Important: This documentation is about an older version. It's relevant only to the release noted, many of the features and functions have been updated or replaced. Please view the current version.
Apache Parquet schema
Starting with Tempo 2.0, Apache Parquet is used as the default column-formatted block format. Refer to the Parquet configuration options for more information.
This document describes the schema used with the Parquet block format.
Fully nested versus span-oriented schema
There are two overall approaches to a columnar schema: fully nested or span-oriented. Span-oriented means a flattened schema where traces are destructured into rows of spans. A fully nested schema means the current trace structures such as Resource/Scope/Spans/Events are preserved (nested data is natively supported in Parquet). In both cases, individual leaf values such as span name and duration are individual columns.

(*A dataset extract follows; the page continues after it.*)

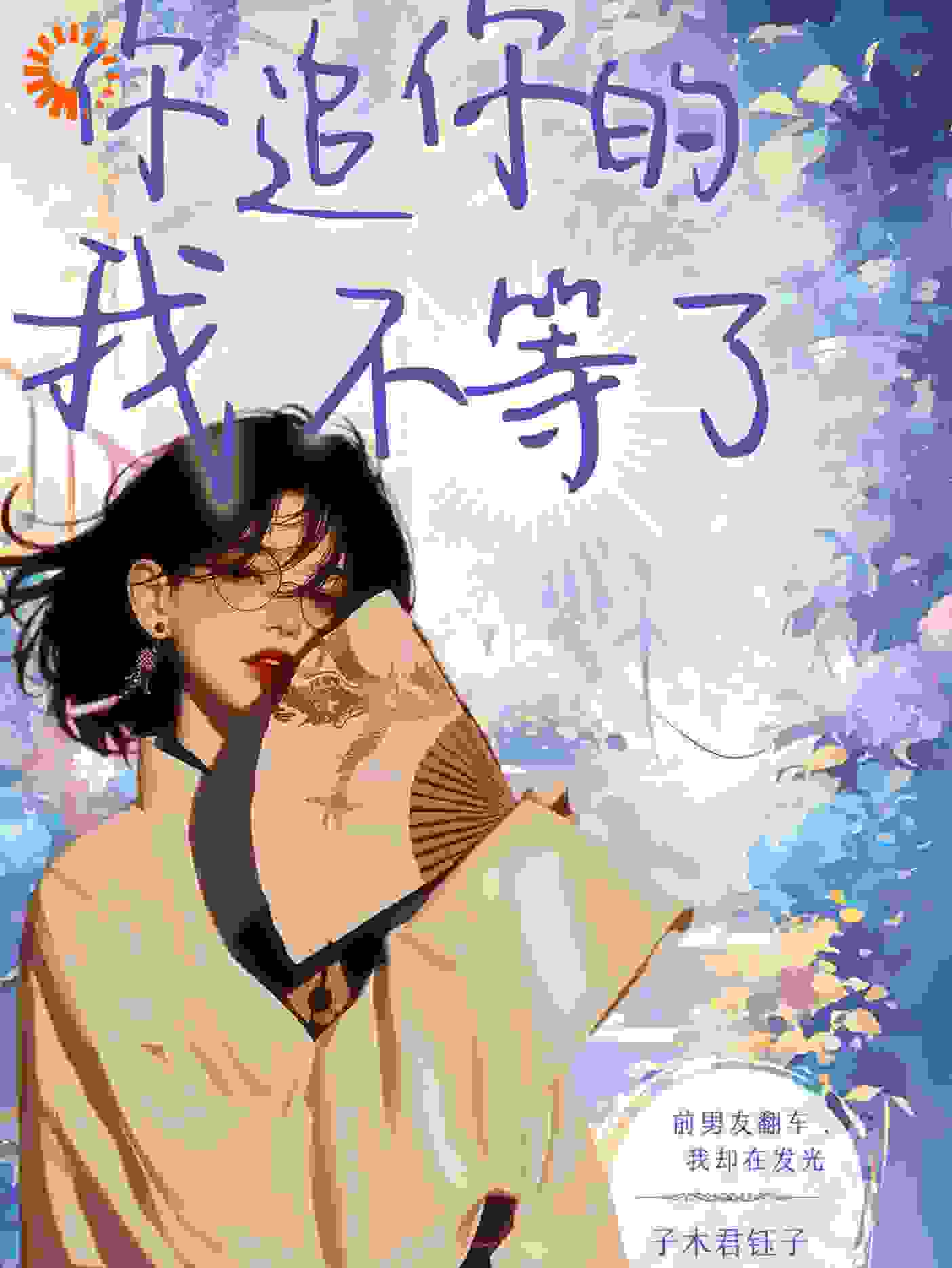 你追你的，我不等了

We chose the nested schema for several reasons:
- The block size is much smaller for the nested schema. This is due to the high data duplication incurred when flattening resource-level attributes such as
service.name
to each individual span. - A flat schema is not truly “flat” because each span still contains nested data such as attributes and events.
- Nested schema is much faster to search for resource-level attributes because the resource-level columns are very small (1 row for each batch).
- Translation to and from the OpenTelemetry Protocol Specification (OTLP) is straightforward.
- Easily add computed columns (for example, trace duration) at multiple levels such as per-trace, per-batch, etc.
Static vs dynamic columns
Dynamic vs static columns add another layer to the schema.
A dynamic schema stores each attribute such as service.name
and http.status_code
as its own column and the columns in each parquet file can be different.
A static schema is unresponsive to the shape of the data, and all attributes are stored in generic key/value containers.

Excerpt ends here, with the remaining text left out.